Last year’s near-unanimous Game of the Year recipient, Dragon Age: Inquisition, has been heralded as BioWare’s magnum opus. Much like every other open-world role-playing game, Inquisition offers players countless diversions, interesting locations to explore and the illusion of powerful choices.

The problem with Dragon Age: Inquisition is that once you get past the shimmering beauty of the Hinterlands and start to get a sense of the game as a whole, it becomes clear that it doesn’t do any of the above that well. Inquisition cobbles together the core elements of what makes a good RPG, adds in an arbitrary spice of shallowly crafted characters designed to only seem unique, and wraps it all together with a mediocre mix of sloppy combat and crafting.

The end result is something that does a lot right, but can also feel like a never-ending chore of uninspired fetch quests.

Set to be one of the games that showed off the PlayStation 4’s power early in the console’s life, Infamous: Second Son invited gamers to a beautifully recreated version of Seattle. Featuring a Native American rebel named Delsin Rowe, Second Son could have been a superhero epic that not only served as a console-justifying title, but also an instantly memorable action game.

But instead it felt like a paint-by-numbers video game experience. The Seattle of Second Son is impressive, but devoid of any meaningful interactions, quickly making players feel like the most powerful man in a metropolis of cardboard characters. To make matters worse, Delsin is about as standard as a “bad boy” character can be without any redeeming qualities. All of that might have been forgivable—because you have super powers to play with, after all—if Second Son hadn’t been just plain boring to begin with. Its mission structure requires players to build up either good or bad karma in order to progress the main story arc, which feels like the video game equivalent of teachers assigning hours of busy work while they get an afternoon of online shopping out of the way.

Bethesda’s Fallout 3 wowed the entire gaming world. By resurrecting the classic Fallout franchise and effectively modernizing it, Fallout 3 become an overnight success. But for as fun as Fallout 3 made exploring the post-apocalyptic landscape of Washington D.C., it also did everything in its power to test the player’s patience.

It was buggy to the point of frustration and lackluster in the actual gameplay department, the whole freeze-time combat system seemingly designed mainly to draw attention away from the game’s astoundingly poor gunplay. And its world was little more than a drab expanse of gray buildings and ugly rock textures.

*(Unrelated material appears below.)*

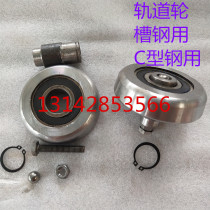 Channel wheel guide wheel for channel steel No. 10 No. 12 C- shaped steel wheel forklift elevator guide wheel sprocket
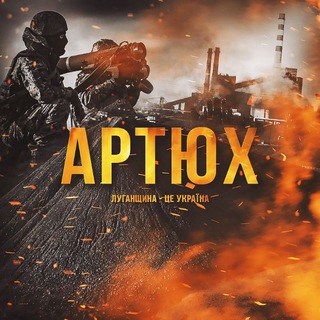 Логотип @raspisnoyredaktor - АРТЮХ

Granted, there are few things better than lining up a shot at Super Mutant’s head, firing, and seeing it explode in a maelstrom of giblets. Headshots will always be amazing.

BioShock Infinite is perhaps the most overrated video game of all time, and for good reason too. At first glance, it’s an action-filled journey through the awe-inspiring floating city of Columbia, built on the BioShock pedigree and with the guise of a mind-bending story, clearly one of the best games ever. Except that it isn’t.

Infinite is bogged down by one of the worst—and most repetitive—gameplay systems in recent memory. The game’s linear structure boils down to moving from point A to point B, with intermittent shootouts that are more dull than protagonist Booker’s personality. Compound Infinite’s gameplay flaws with Booker’s sidekick, Elizabeth, essentially only serving as an invulnerable, walking metal detector to find you spare change, and you’re left with something that can easily trick gamers into thinking that it’s more original than it really is.

The shame of the matter is that Infinite’s desperate attempts to be a medium-defining video game ultimately transformed it into a monotonous shooter that offers more fluff than substance. BioShock Infinite thinks it is smarter than you, dangling a gaudy world and a quickly unravelling story at players, just so long as you don’t stop and look too closely.

And what good is a video game if you can’t look at it closely?